There's a broad international consensus about what constitutes safe and trustworthy AI. Whether it's the OECD principles or the Montreal declaration, many organizations have a common consensus about what constitutes responsible AI.

These principles include having fairness as a primary concern. That ensures that AI delivers recommendations that treat people fairly and equitably and that there's no discrimination and no bias.

Another principle is accountability, which means ensuring that AI systems and developers of AI systems are accountable for the impacts of the technologies that they are developing.

Transparency is one that you mentioned. That ensures that we understand and have the opportunity to interrogate AI systems and models and get a better understanding of how they are coming towards the decisions and recommendations that they are developing.

Privacy is a principle that is very deeply interconnected with the bill that's before you today. Those are questions are deeply intertwined with AI as well to ensure that the fundamental principles and rights of privacy are also protected.

11:35 a.m.

Liberal

The Chair Liberal Joël Lightbound

Thank you very much, Madam Strome.

Mr. Perkins, hopefully another MP will pick up where you left off. We're way over time.

Mr. Turnbull, you have the floor.

11:35 a.m.

Liberal

Ryan Turnbull Liberal Whitby, ON

Thanks, Chair.

Thanks to all the witnesses for being here today. It seems that we have some really important testimony, so thank you for making the time. Thank you for lending your expertise to this important conversation.

I think we've all heard the phrase or the cliché that “perfection can be the enemy of the good”. I wonder if this is one of those instances.

We have a very fast-evolving AI space and lots of expertise here in Canada, but then we have people with differing opinions. Some people say that we should split the bill up and do the AIDA portion over again. We have others saying that we need to move forward. In a lot of the opening testimony that I heard from you today, speed is of the essence.

Mr. Bengio, maybe you can comment on whether you think that we should start over with AIDA and maybe comment on the importance of moving quickly.

11:35 a.m.

Scientific Director, Mila - Quebec Artificial Intelligence Institute

Yoshua Bengio

Yes, I mentioned urgency many times in my little presentation because you have to understand AI not as a static thing where we are now but as the trajectory that is happening in research and development, mostly in large companies but also in academia. As these systems become smarter and more powerful, their abilities have dual use, and that means more good and more harm can happen. The harm part is what we need government to protect us from.

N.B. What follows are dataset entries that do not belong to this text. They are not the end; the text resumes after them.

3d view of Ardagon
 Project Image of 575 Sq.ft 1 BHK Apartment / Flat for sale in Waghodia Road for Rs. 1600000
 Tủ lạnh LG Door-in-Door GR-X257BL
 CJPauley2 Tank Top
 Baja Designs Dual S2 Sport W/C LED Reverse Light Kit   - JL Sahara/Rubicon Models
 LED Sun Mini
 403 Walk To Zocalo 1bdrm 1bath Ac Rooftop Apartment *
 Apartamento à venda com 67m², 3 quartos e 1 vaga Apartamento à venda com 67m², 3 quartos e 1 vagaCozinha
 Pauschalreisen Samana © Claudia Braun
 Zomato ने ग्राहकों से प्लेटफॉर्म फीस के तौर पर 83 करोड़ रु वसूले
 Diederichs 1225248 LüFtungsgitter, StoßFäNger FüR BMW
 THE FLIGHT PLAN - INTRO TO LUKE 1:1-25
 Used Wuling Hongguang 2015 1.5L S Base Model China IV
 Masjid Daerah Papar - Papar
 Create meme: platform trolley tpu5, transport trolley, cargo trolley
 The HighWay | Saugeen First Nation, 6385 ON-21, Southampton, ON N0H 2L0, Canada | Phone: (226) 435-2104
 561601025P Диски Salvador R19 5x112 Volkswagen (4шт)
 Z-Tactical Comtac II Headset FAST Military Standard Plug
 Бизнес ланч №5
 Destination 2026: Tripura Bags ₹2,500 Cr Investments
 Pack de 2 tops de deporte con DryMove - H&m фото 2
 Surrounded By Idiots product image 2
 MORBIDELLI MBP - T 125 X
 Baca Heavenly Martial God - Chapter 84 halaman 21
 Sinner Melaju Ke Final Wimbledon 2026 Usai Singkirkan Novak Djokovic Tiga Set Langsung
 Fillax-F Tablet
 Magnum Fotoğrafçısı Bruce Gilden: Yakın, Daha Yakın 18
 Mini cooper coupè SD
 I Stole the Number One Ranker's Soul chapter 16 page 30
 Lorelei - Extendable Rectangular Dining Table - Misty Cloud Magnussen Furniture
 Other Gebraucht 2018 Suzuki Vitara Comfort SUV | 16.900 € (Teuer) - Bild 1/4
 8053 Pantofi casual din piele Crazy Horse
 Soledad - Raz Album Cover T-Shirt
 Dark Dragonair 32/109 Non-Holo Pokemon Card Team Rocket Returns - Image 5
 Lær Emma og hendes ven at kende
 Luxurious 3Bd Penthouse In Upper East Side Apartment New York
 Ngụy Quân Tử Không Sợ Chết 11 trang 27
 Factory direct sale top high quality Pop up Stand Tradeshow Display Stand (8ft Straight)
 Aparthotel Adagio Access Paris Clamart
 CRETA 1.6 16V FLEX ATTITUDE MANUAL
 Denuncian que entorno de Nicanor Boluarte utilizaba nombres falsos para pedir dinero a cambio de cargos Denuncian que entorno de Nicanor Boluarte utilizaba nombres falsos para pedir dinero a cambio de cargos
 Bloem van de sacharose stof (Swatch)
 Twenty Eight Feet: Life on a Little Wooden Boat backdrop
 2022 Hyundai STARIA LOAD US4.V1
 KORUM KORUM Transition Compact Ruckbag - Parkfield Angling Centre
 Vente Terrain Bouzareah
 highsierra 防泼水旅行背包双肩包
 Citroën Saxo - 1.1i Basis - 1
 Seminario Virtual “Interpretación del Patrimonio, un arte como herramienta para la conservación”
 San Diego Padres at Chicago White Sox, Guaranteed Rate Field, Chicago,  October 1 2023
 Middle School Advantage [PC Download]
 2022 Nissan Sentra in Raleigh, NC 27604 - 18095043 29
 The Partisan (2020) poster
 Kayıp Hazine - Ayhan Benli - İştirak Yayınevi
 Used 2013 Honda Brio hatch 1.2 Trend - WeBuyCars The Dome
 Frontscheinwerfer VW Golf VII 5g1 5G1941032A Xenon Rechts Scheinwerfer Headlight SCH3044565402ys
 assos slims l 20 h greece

In particular, going back to the question from Mr. Perkins, we need to make sure that one of the principles is that major harm, such as a national security threat, will not be coming easily from the products that are considered legal and are within the law. This is why the high-impact category and maybe the different ways that it could be spelled out are so important.

11:35 a.m.

Liberal

Ryan Turnbull Liberal Whitby, ON

Thank you.

I'll stick with you, Mr. Bengio, for the moment. I want to also ask you what the risks are to Canadians if AI is not regulated sooner rather than later. You've mentioned the idea that there's more good and more harm that can be done, but in the absence of any regulation and any law, what are the potential harms you see?